BEGIN DATASET RECORDS

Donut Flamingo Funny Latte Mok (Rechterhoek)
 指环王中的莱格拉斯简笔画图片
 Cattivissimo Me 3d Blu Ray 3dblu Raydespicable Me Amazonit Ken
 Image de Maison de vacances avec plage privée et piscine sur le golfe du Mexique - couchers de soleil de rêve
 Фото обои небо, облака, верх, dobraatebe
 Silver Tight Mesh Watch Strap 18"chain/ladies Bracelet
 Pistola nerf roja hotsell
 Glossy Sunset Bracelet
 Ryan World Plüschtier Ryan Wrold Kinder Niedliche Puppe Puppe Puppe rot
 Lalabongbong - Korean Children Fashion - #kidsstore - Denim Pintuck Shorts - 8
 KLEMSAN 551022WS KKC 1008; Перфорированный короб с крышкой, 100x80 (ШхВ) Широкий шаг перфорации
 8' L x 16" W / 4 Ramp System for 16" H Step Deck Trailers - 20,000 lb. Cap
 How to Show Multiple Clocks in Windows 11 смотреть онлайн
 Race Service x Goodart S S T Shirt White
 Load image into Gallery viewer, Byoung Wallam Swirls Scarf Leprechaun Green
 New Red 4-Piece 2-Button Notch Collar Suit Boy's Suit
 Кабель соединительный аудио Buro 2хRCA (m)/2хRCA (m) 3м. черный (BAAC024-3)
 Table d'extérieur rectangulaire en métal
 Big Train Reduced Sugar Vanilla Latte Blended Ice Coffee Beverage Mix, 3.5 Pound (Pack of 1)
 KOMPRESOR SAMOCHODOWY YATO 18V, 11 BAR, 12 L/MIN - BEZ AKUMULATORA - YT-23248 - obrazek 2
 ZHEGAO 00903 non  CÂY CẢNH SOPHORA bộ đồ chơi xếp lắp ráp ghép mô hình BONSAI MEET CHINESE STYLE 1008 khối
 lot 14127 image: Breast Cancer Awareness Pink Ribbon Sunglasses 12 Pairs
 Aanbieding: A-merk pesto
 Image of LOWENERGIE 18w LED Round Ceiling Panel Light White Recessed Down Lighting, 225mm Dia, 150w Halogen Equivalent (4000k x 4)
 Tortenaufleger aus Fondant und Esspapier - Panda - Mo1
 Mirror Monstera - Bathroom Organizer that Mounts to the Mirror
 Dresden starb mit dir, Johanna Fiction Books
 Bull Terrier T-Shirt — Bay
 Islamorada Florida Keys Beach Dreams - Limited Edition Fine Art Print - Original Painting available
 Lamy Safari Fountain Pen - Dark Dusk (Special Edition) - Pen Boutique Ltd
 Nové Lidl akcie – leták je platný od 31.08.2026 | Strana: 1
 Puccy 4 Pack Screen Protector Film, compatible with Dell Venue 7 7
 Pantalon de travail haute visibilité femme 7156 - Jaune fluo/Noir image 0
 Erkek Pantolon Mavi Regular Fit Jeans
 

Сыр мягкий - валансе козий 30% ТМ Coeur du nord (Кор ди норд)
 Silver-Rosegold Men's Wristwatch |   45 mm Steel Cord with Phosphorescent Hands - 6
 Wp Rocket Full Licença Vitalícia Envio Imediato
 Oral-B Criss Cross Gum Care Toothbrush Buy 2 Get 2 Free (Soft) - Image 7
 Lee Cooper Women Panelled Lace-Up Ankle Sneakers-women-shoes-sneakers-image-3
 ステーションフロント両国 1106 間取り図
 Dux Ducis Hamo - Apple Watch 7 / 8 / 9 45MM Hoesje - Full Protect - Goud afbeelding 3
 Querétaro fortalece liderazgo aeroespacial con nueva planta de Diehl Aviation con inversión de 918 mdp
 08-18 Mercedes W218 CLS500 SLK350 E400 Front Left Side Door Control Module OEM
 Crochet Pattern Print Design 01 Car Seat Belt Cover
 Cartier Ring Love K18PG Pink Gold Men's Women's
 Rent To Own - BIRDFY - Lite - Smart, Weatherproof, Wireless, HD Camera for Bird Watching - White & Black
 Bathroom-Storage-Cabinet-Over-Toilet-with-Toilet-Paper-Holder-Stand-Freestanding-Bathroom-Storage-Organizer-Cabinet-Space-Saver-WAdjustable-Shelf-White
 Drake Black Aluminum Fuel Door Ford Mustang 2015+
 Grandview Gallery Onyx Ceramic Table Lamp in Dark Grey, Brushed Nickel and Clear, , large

END DATASET RECORDS

EXERCISE INSTRUCTIONS | Nothing in the records above may be left out when you repeat them exactly.

WRITTEN SOLUTION |
Donut Flamingo Funny Latte Mok (Rechterhoek)
 指环王中的莱格拉斯简笔画图片
 Cattivissimo Me 3d Blu Ray 3dblu Raydespicable Me Amazonit Ken
 Image de Maison de vacances avec plage privée et piscine sur le golfe du Mexique - couchers de soleil de rêve
 Фото обои небо, облака, верх, dobraatebe
 Silver Tight Mesh Watch Strap 18"chain/ladies Bracelet
 Pistola nerf roja hotsell
 Glossy Sunset Bracelet
 Ryan World Plüschtier Ryan Wrold Kinder Niedliche Puppe Puppe Puppe rot
 Lalabongbong - Korean Children Fashion - #kidsstore - Denim Pintuck Shorts - 8
 KLEMSAN 551022WS KKC 1008; Перфорированный короб с крышкой, 100x80 (ШхВ) Широкий шаг перфорации
 8' L x 16" W / 4 Ramp System for 16" H Step Deck Trailers - 20,000 lb. Cap
 How to Show Multiple Clocks in Windows 11 смотреть онлайн
 Race Service x Goodart S S T Shirt White
 Load image into Gallery viewer, Byoung Wallam Swirls Scarf Leprechaun Green
 New Red 4-Piece 2-Button Notch Collar Suit Boy's Suit
 Кабель соединительный аудио Buro 2хRCA (m)/2хRCA (m) 3м. черный (BAAC024-3)
 Table d'extérieur rectangulaire en métal
 Big Train Reduced Sugar Vanilla Latte Blended Ice Coffee Beverage Mix, 3.5 Pound (Pack of 1)
 KOMPRESOR SAMOCHODOWY YATO 18V, 11 BAR, 12 L/MIN - BEZ AKUMULATORA - YT-23248 - obrazek 2
 ZHEGAO 00903 non  CÂY CẢNH SOPHORA bộ đồ chơi xếp lắp ráp ghép mô hình BONSAI MEET CHINESE STYLE 1008 khối
 lot 14127 image: Breast Cancer Awareness Pink Ribbon Sunglasses 12 Pairs
 Aanbieding: A-merk pesto
 Image of LOWENERGIE 18w LED Round Ceiling Panel Light White Recessed Down Lighting, 225mm Dia, 150w Halogen Equivalent (4000k x 4)
 Tortenaufleger aus Fondant und Esspapier - Panda - Mo1
 Mirror Monstera - Bathroom Organizer that Mounts to the Mirror
 Dresden starb mit dir, Johanna Fiction Books
 Bull Terrier T-Shirt — Bay
 Islamorada Florida Keys Beach Dreams - Limited Edition Fine Art Print - Original Painting available
 Lamy Safari Fountain Pen - Dark Dusk (Special Edition) - Pen Boutique Ltd
 Nové Lidl akcie – leták je platný od 31.08.2026 | Strana: 1
 Puccy 4 Pack Screen Protector Film, compatible with Dell Venue 7 7
 Pantalon de travail haute visibilité femme 7156 - Jaune fluo/Noir image 0
 Erkek Pantolon Mavi Regular Fit Jeans
 

Сыр мягкий - валансе козий 30% ТМ Coeur du nord (Кор ди норд)
 Silver-Rosegold Men's Wristwatch |   45 mm Steel Cord with Phosphorescent Hands - 6
 Wp Rocket Full Licença Vitalícia Envio Imediato
 Oral-B Criss Cross Gum Care Toothbrush Buy 2 Get 2 Free (Soft) - Image 7
 Lee Cooper Women Panelled Lace-Up Ankle Sneakers-women-shoes-sneakers-image-3
 ステーションフロント両国 1106 間取り図
 Dux Ducis Hamo - Apple Watch 7 / 8 / 9 45MM Hoesje - Full Protect - Goud afbeelding 3
 Querétaro fortalece liderazgo aeroespacial con nueva planta de Diehl Aviation con inversión de 918 mdp
 08-18 Mercedes W218 CLS500 SLK350 E400 Front Left Side Door Control Module OEM
 Crochet Pattern Print Design 01 Car Seat Belt Cover
 Cartier Ring Love K18PG Pink Gold Men's Women's
 Rent To Own - BIRDFY - Lite - Smart, Weatherproof, Wireless, HD Camera for Bird Watching - White & Black
 Bathroom-Storage-Cabinet-Over-Toilet-with-Toilet-Paper-Holder-Stand-Freestanding-Bathroom-Storage-Organizer-Cabinet-Space-Saver-WAdjustable-Shelf-White
 Drake Black Aluminum Fuel Door Ford Mustang 2015+
 Grandview Gallery Onyx Ceramic Table Lamp in Dark Grey, Brushed Nickel and Clear, , large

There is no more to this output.